• _Brief_
Starting with the line that contains "Servierlöffel 30cm Fiberglas", copy each line exactly through the end of the listing, and omit all pictures.

• _Dataset content_
——

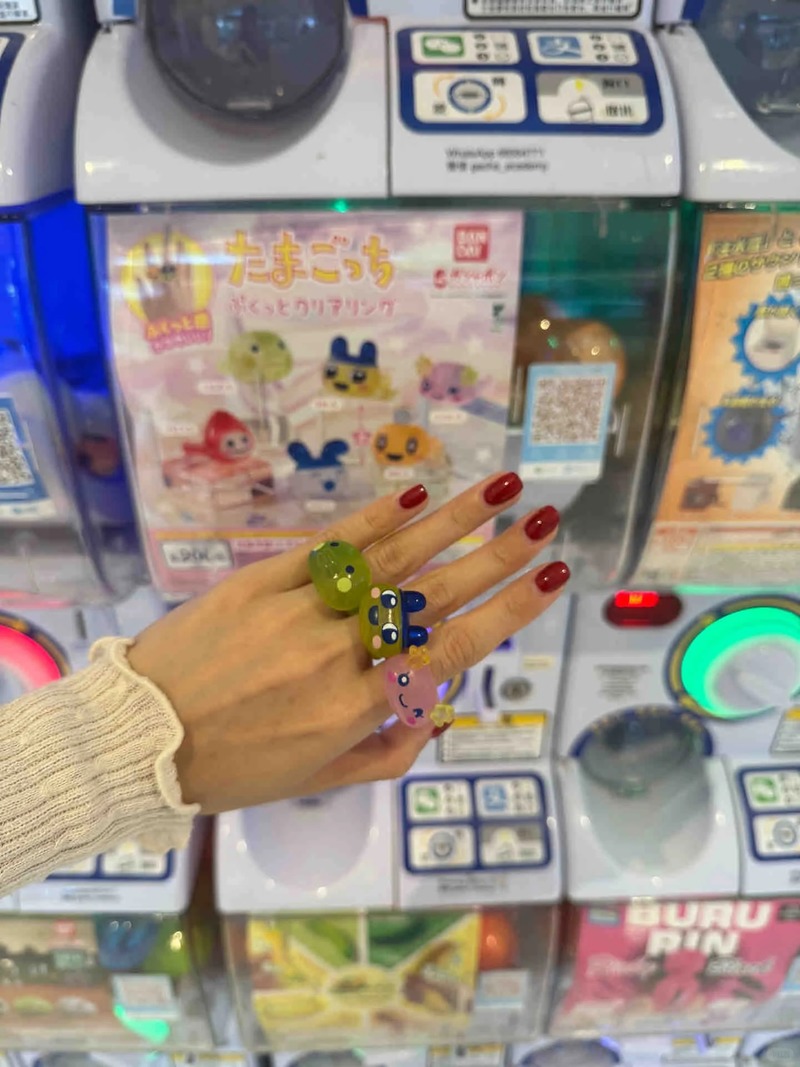 Bandai Tamagotchi прозрачное м – обзор и цена Bandai Model Tamagotchi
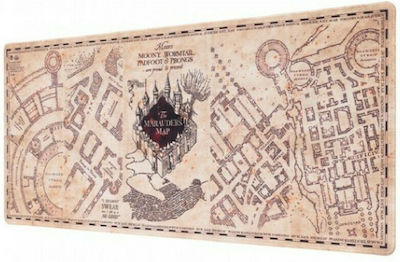 Grupo Erik Marauders Map Harry Potter Mauspad XXL 800mm Mehrfarbig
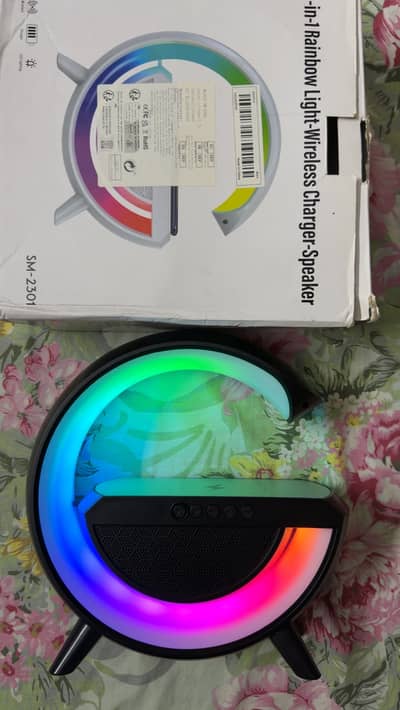 Bluetooth speaker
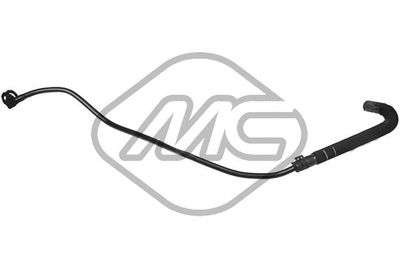 Potrubí chladiva Metalcaucho 77141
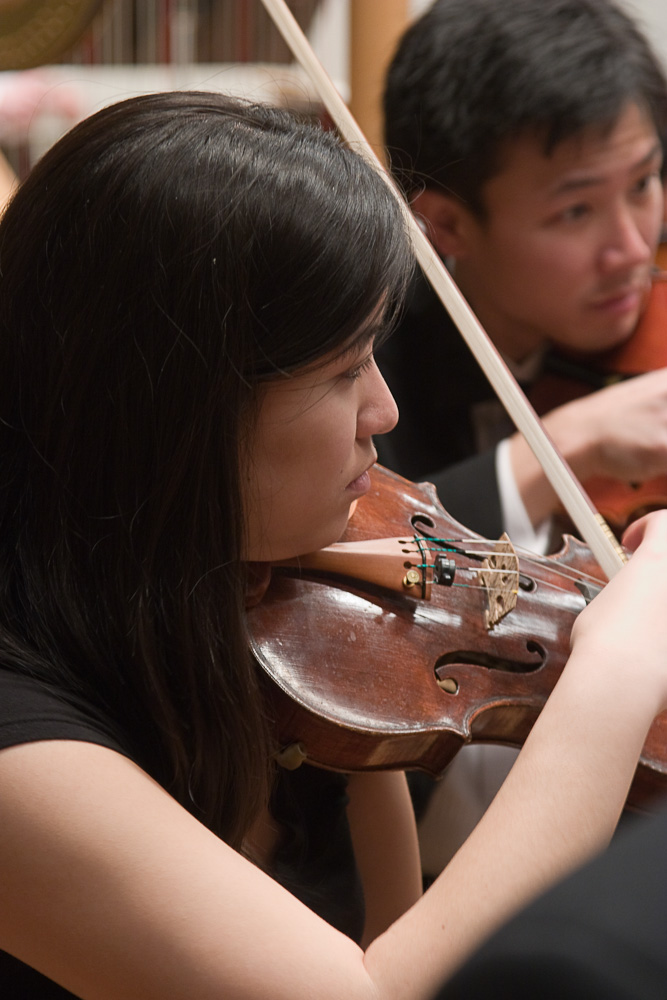 Stephanie Shiau, Eric Peng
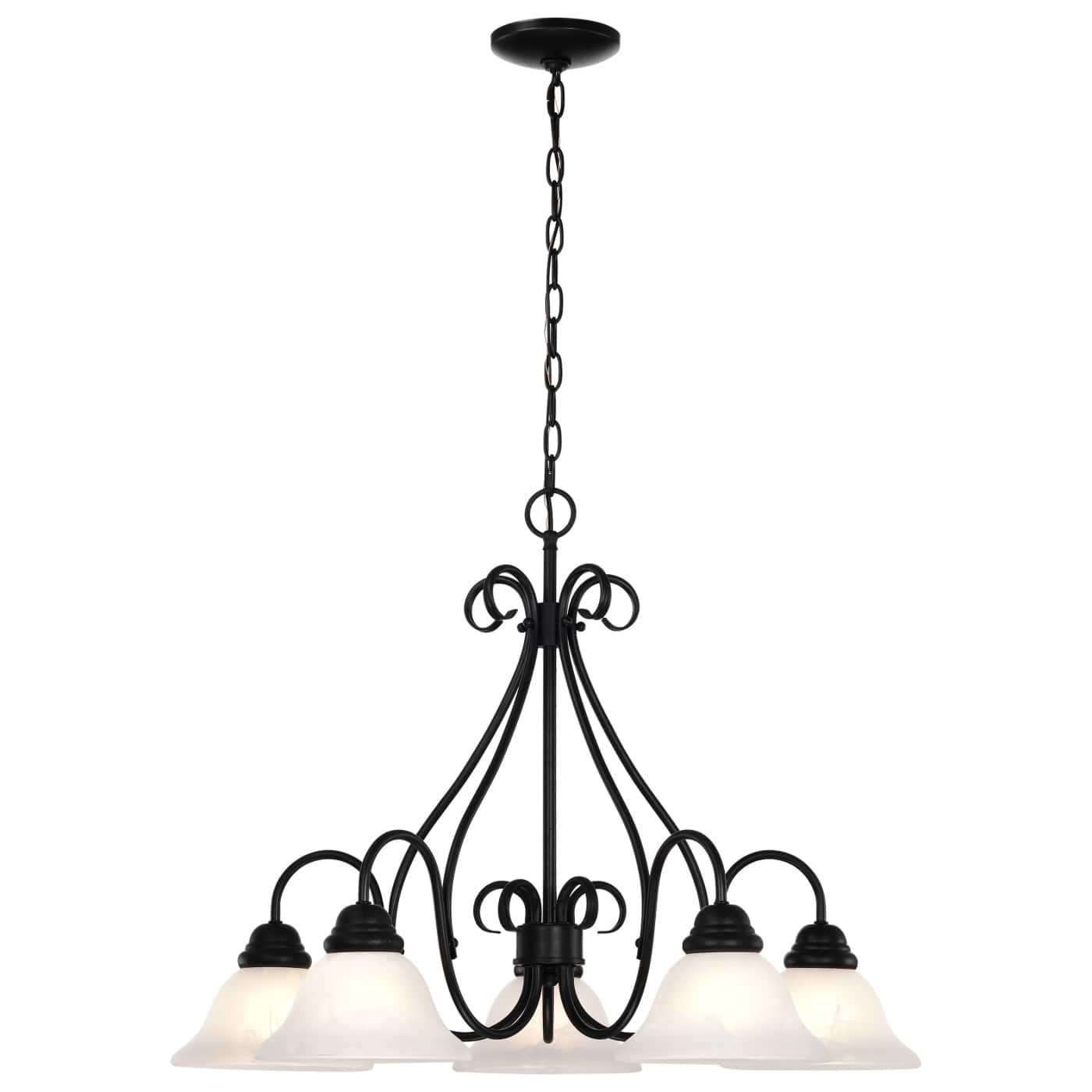 CASTILLO 5 LT CHAND - ARM DWN - 60-381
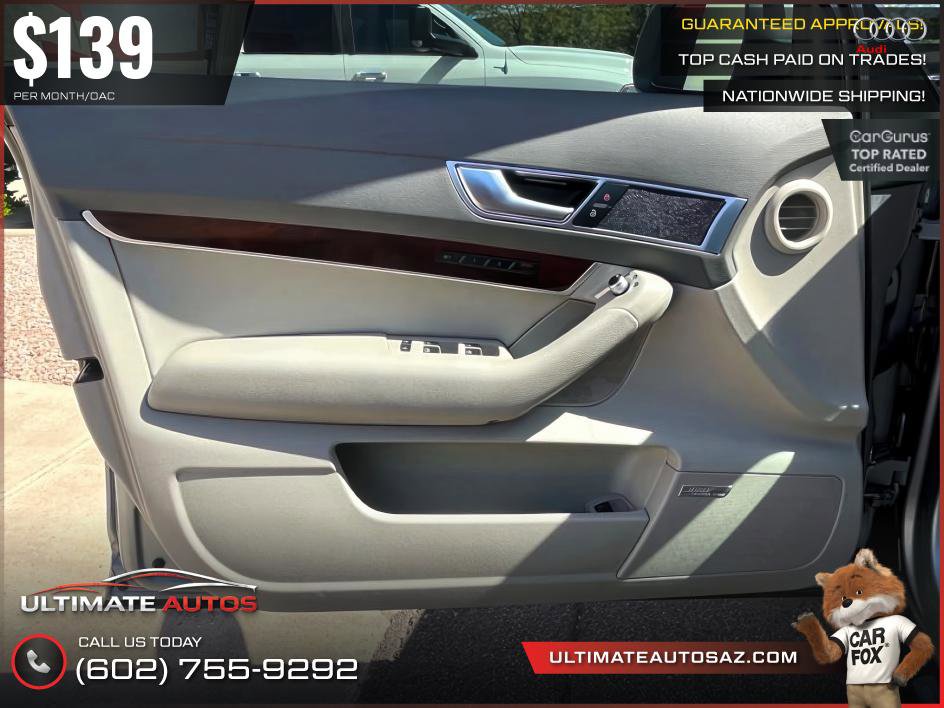 Used 2011 Audi A6 3.0T Prestige AWD/4WD image 19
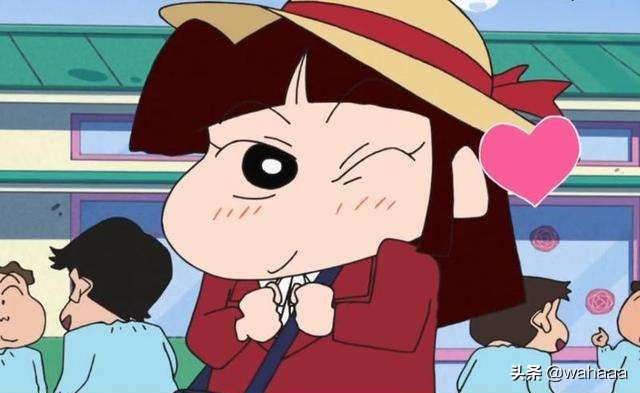 蜡笔小新小爱家里有多少钱,蜡笔小新中的小爱家族有多少钱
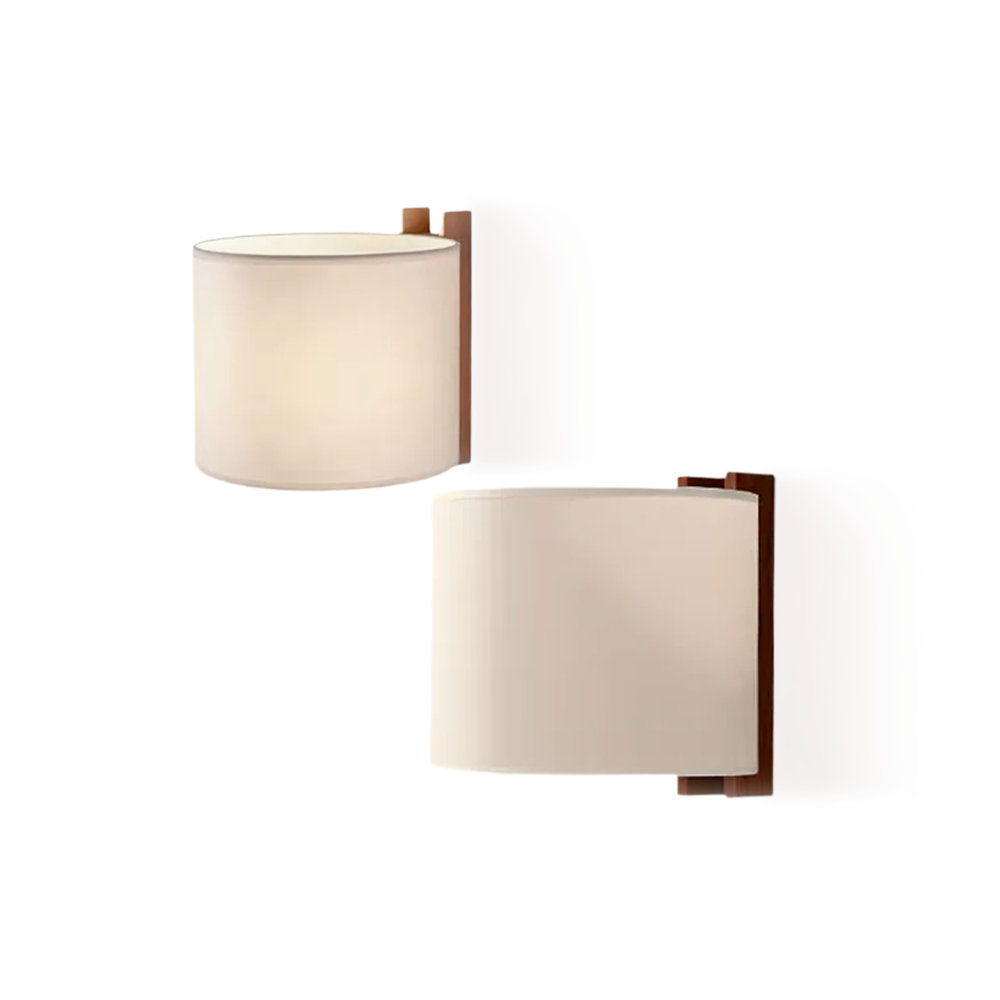 Wall design lamp Compact by Novolux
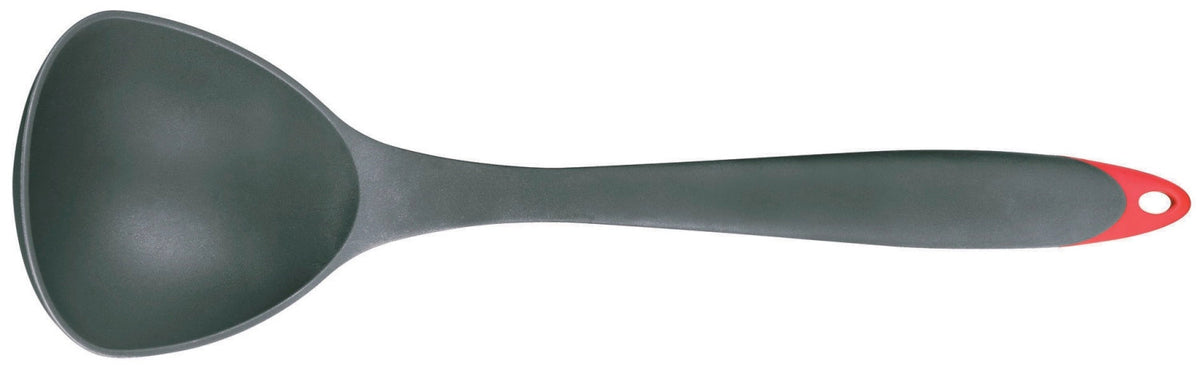 Servierlöffel 30cm Fiberglas in Schwarz präsentiert im Onlineshop von KAQTU Design AG. Küchenhelfer ist von Cuisipro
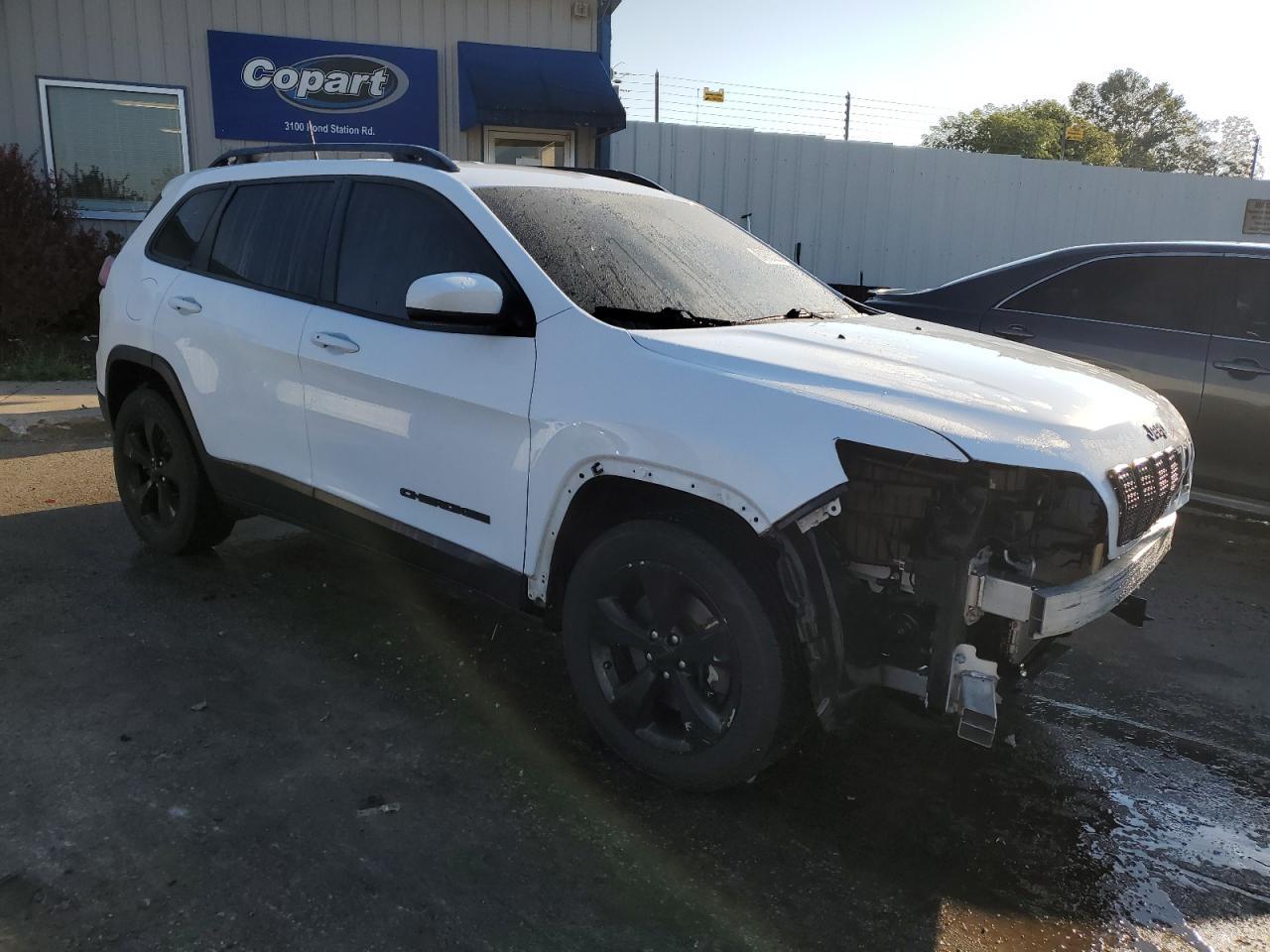 2020 JEEP CHEROKEE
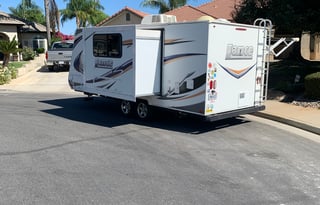 2013 Lance Lance Travel Trailers 1885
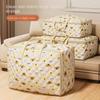 Non-Woven Quilt Storage Bag Large-capacity Packing Bag Durable Moving Bag  Household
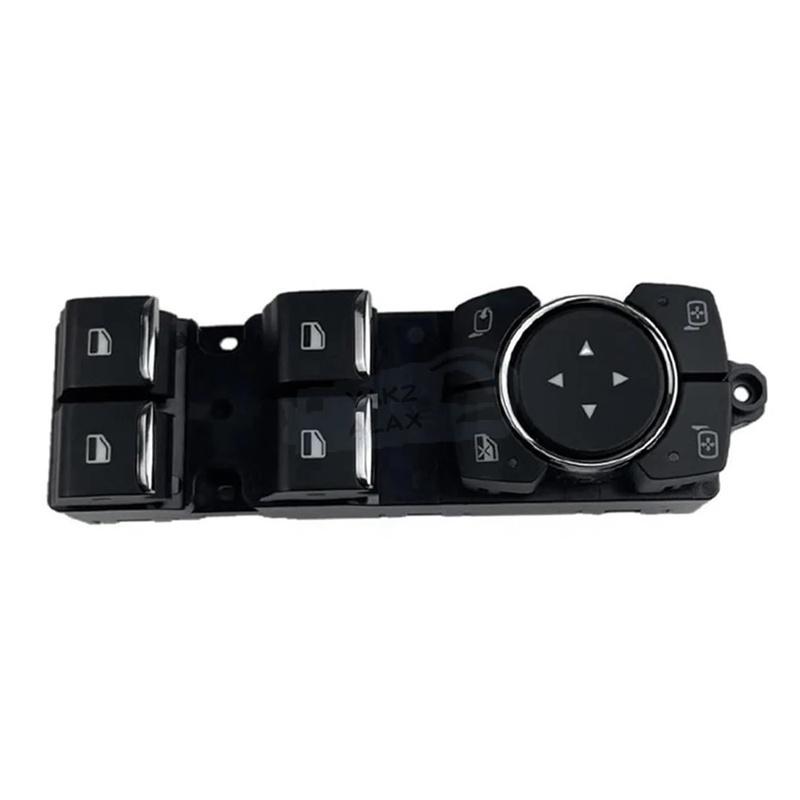For Ford Focus    Window Control Switch 4P Front Left Driver Side Controller Glass Regulator Button M1BT-14540-DC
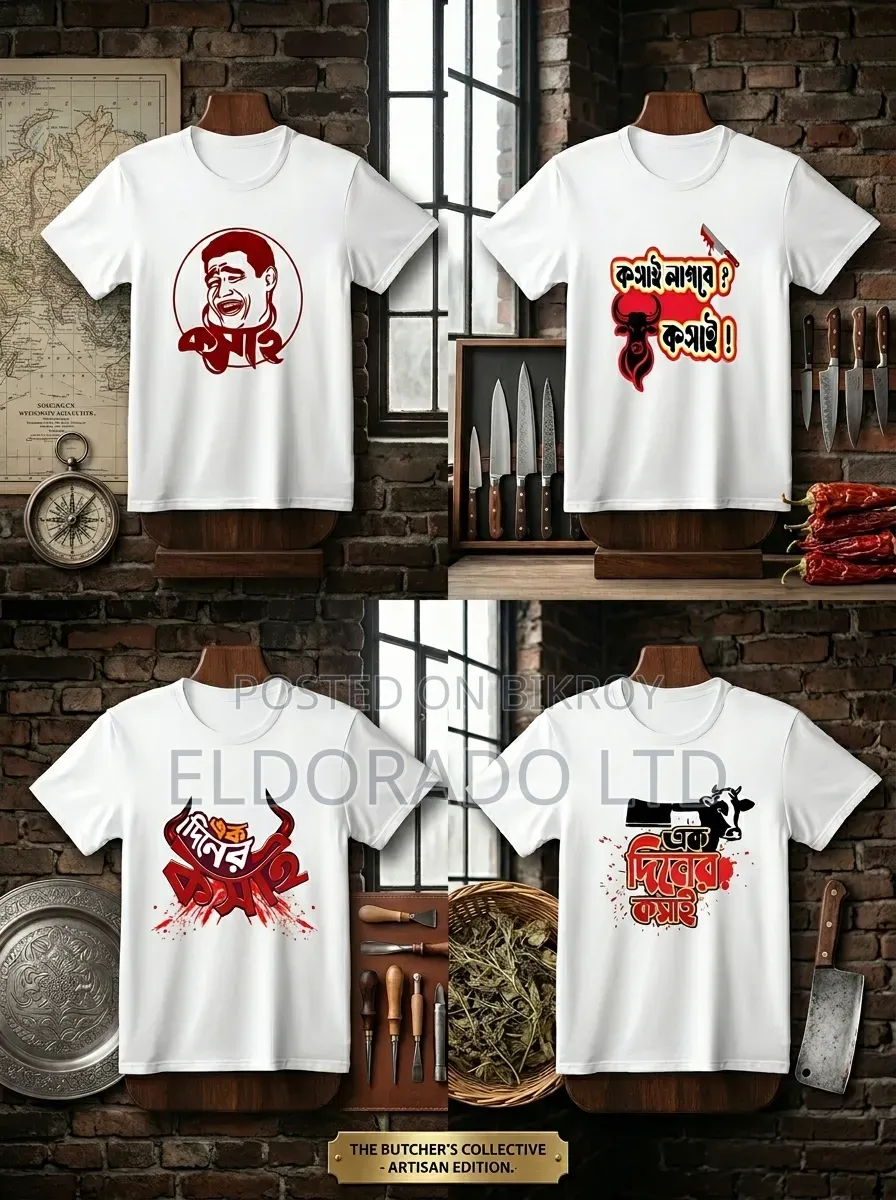 Trendy Qurbani T-Shirt 2026 | Eid-Ul-Adha Special | 30+ Unique Designs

——

• _Task response_
 Servierlöffel 30cm Fiberglas in Schwarz präsentiert im Onlineshop von KAQTU Design AG. Küchenhelfer ist von Cuisipro
 2020 JEEP CHEROKEE
 2013 Lance Lance Travel Trailers 1885
 Non-Woven Quilt Storage Bag Large-capacity Packing Bag Durable Moving Bag  Household
For Ford Focus    Window Control Switch 4P Front Left Driver Side Controller Glass Regulator Button M1BT-14540-DC
 Trendy Qurbani T-Shirt 2026 | Eid-Ul-Adha Special | 30+ Unique Designs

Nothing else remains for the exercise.